Su “Lead Balloon” vi è addirittura un botta e risposta fra chitarre elettriche ritmiche in piena distorsione fra lei e il maestro dei maestri Michael Landau. In mano sua finisce persino la chitarra basso, in tre dei degli undici brani.
In “Apologies” la divina se la prende soavemente col suo grande Paese adottivo, notoriamente la “democrazia” più aggressiva, guerrafondaia, ipocrita, materialista, bigotta, violenta e spietata al mondo.
In “Face Lift” e nell’atmosferico, fascinoso finale “Tiger Bones”, dato l’arrangiamento assai scarno, si ascolta con particolare evidenza la speciale chitarra (elettrica) che la Roland (mi pare) ha affidato alla Mitchell in quegli anni: un marchingegno che cambia la tonalità alle singole corde per via elettronica, così da non dover smanettare ogni volta con le chiavi sulla paletta, ovvero tirarsi dietro un arsenale di chitarre diversamente accordate. Ma non solo: su quell’aggeggio si può settare l’indirizzamento nel panorama stereo su ciascuna corda!

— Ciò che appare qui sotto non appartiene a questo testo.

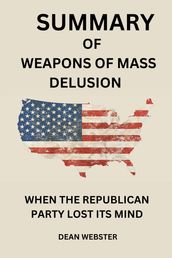SUMMARY OF WEAPONS OF MASS DELUSION By Robert Draper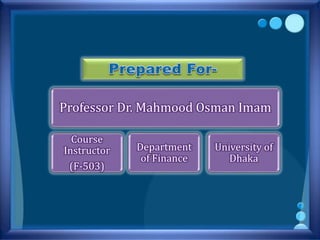 Professor Dr. Mahmood Osman Imam
Course
Instructor
(F-503)
Department
of Finance
University of
Dhaka
 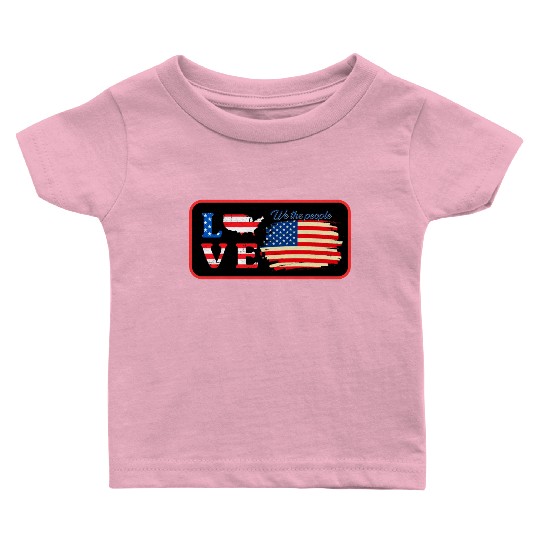 love america ,we the people Baby T Shirts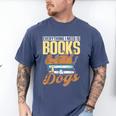 Everything I Need Is Books & Dogs Reader Book Read Reading Men's Comfort Colors T-Shirt Blue Jean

Così si riescono ad apprezzare, nei brani citati, i cantini a destra, le due corde medie a sinistra e le corde basse al centro! Che figata! (come diceva ironicamente mio nipote da ragazzino, quando mia sorella gli annunciava che sarebbe venuta la sua insopportabile nonna a tenergli compagnia…).
E’ il disco più ricco di accompagnamenti “sintetici” di Joni Mitchell, il che non toglie un grammo di calore e fascino alla sua musica, immortale e impossibile da clonare. Bach la benedica e le renda sempre più lieve la vecchiaia, visto che il destino gliel’ha conciata ben incasinata, poverina.